Tim Fountain is introduced.
A cognitive RF system is designed to perceive the RF environment. System converts the RF spectrum and associated energy into a stream of RF IQ data. So far, so good. But we add AI/ML to make autonomous decisions about what we are seeing in the RF spectrum.
A course of action is determined without human intervention.
For electronic warfare (EW) we want to
- deny the use of the RF spectrum by an adversary. We also want to
- protect the platform we have against jamming and other things. We want to
- deliver supporting information to another system - we aren’t standalone in many situations. This third aspect is less relevant to ORI, except for our work in larger standards like OpenRAN.
Emerging threats are enumerated.
We think of htis as static library of known quantifiable and repeatable characteristics. We develop something like a PDW or pulse descriptor words. And we have countermeasures to these. It’s like a lookup table of asshattery.
The slides have a static library RADAR/EW system graph, with search and tracking. That’s the place that we are starting from in terms of jamming, denying, harassing transmissions.

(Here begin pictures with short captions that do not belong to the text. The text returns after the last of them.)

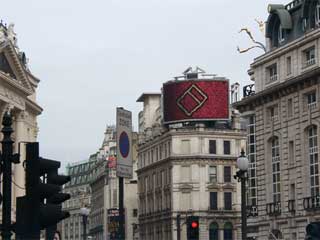 Outdoor advertizing screen in London on the cross-section of Oxendon and Coventry streets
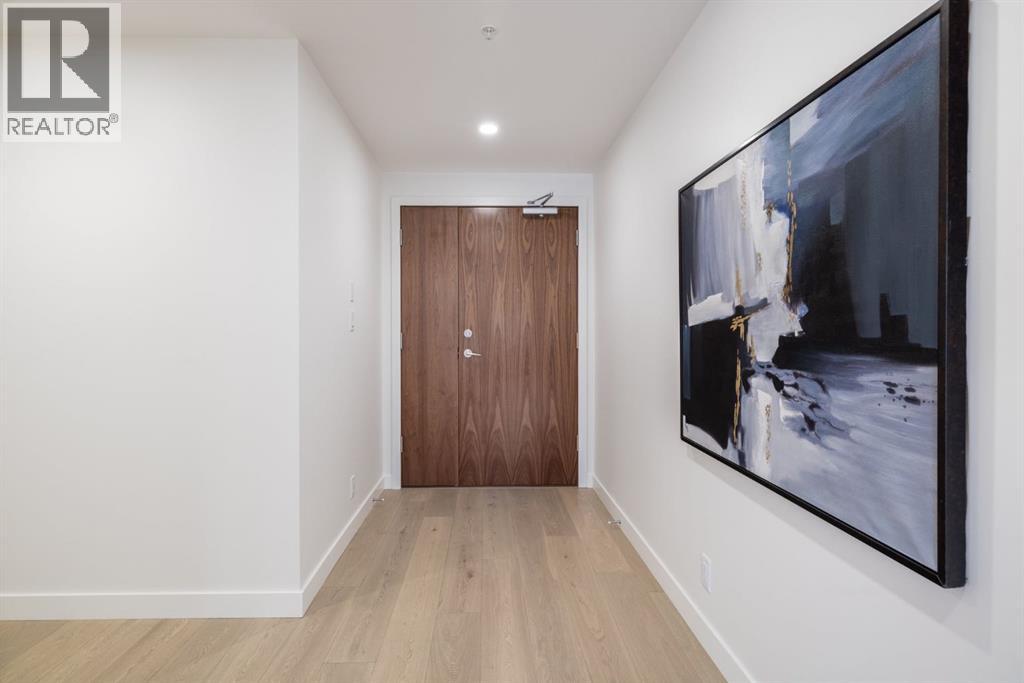 102, 88 Waterfront Mews SW, Calgary, Alberta  T2P 1K7 - Photo 5 - A2251109
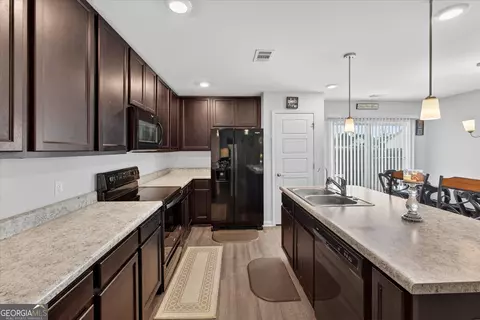 Kitchen - 107 Dasher Dr, Springfield, GA 31329 photo 5 of 6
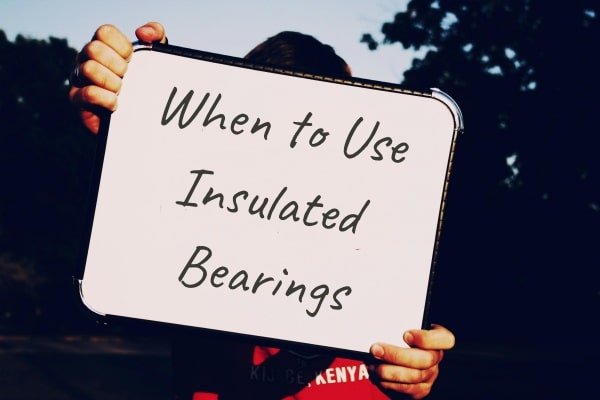 A conceptual illustration of an industrial facility highlighting motors that require insulated bearings versus standard bearings based on the 100 HP rule.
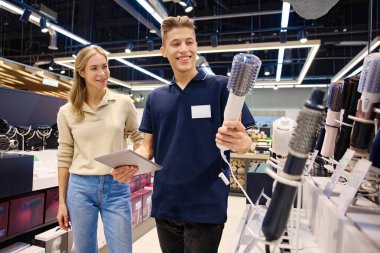 Parlak, modern bir mağaza ortamında bilgili bir satıcıyla saç şekillendirme aletlerini keşfeden mutlu bir müşteri.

However, there are problems with this approach. We have mode agile attacks. These can come from anywhere. Non-conforming, non-traditional, and totally not in our library! What to do?
We can’t counter these threats (is this a true axiom?) and the platform is at risk.
The static library is considered ineffective. What new concepts work? AI/ML? Why not, let’s try it.
Classify and counter, on the fly. This is a game of cat and mouse since attackers, just like in infosec, are also using AI/ML.
Flexible and continuously adaptable AI/Ml systems are considered to be required.
An AI/ML analysis and threat counter system is now under dicussion in this talk.
There is an upcoming session with Mathworks that focuses on “how to develop” these critical subsystems.
But, how do we train them? That is where we are going next in this talk.
We see a landscape of things and we look at them in time and frequency. Sometimes we can miss “typing” the emitters if we limit ourselves to just time and frequency.
The most commonly used AI techniques (claimed here) are ANN and DNN, or artificial and deep neural networks.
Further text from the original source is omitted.